**** MATERIAL SUPPLIED
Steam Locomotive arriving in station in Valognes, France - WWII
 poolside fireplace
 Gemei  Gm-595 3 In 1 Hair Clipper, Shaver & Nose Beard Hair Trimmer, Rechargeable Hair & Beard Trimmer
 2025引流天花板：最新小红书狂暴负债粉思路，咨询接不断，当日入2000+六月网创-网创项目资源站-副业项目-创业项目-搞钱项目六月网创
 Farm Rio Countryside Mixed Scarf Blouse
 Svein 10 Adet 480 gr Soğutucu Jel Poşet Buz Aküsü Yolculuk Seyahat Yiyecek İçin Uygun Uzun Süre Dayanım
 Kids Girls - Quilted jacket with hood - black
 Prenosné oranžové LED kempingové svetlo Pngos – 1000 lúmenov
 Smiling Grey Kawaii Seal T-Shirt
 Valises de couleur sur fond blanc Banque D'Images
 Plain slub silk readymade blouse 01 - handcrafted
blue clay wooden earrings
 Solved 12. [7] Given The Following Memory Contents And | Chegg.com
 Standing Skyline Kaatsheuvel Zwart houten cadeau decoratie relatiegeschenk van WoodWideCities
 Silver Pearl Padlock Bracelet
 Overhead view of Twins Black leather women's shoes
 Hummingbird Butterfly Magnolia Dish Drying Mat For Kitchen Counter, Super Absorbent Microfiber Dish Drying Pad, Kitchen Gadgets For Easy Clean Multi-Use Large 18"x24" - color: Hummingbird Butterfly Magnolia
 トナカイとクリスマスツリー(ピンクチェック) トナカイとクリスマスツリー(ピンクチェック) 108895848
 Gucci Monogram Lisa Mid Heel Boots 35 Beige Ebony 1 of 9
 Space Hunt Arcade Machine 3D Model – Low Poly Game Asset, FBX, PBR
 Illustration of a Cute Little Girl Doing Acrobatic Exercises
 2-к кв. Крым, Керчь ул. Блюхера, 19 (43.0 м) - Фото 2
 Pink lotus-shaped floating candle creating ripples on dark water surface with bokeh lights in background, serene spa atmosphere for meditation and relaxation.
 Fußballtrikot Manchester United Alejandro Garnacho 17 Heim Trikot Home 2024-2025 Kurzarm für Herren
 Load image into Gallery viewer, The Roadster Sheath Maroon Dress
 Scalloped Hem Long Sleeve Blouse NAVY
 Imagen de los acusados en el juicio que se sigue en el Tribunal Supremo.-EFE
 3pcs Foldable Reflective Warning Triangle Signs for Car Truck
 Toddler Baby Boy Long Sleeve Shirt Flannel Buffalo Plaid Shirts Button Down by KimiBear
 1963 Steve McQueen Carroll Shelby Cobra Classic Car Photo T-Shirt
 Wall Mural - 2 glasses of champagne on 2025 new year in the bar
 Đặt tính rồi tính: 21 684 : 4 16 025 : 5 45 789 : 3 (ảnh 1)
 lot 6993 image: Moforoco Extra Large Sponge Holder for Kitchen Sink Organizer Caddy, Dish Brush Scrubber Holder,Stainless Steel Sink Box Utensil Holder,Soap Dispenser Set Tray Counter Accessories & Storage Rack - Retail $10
********
YOUR INSTRUCTIONS
Using the data above, reproduce exactly the lines from the line that contains "Illustration of a" through the line that contains "Đặt tính rồi", including both.

SOLUTION TO THE EXERCISE
 Illustration of a Cute Little Girl Doing Acrobatic Exercises
 2-к кв. Крым, Керчь ул. Блюхера, 19 (43.0 м) - Фото 2
 Pink lotus-shaped floating candle creating ripples on dark water surface with bokeh lights in background, serene spa atmosphere for meditation and relaxation.
 Fußballtrikot Manchester United Alejandro Garnacho 17 Heim Trikot Home 2024-2025 Kurzarm für Herren
 Load image into Gallery viewer, The Roadster Sheath Maroon Dress
 Scalloped Hem Long Sleeve Blouse NAVY
 Imagen de los acusados en el juicio que se sigue en el Tribunal Supremo.-EFE
 3pcs Foldable Reflective Warning Triangle Signs for Car Truck
 Toddler Baby Boy Long Sleeve Shirt Flannel Buffalo Plaid Shirts Button Down by KimiBear
 1963 Steve McQueen Carroll Shelby Cobra Classic Car Photo T-Shirt
 Wall Mural - 2 glasses of champagne on 2025 new year in the bar
 Đặt tính rồi tính: 21 684 : 4 16 025 : 5 45 789 : 3 (ảnh 1)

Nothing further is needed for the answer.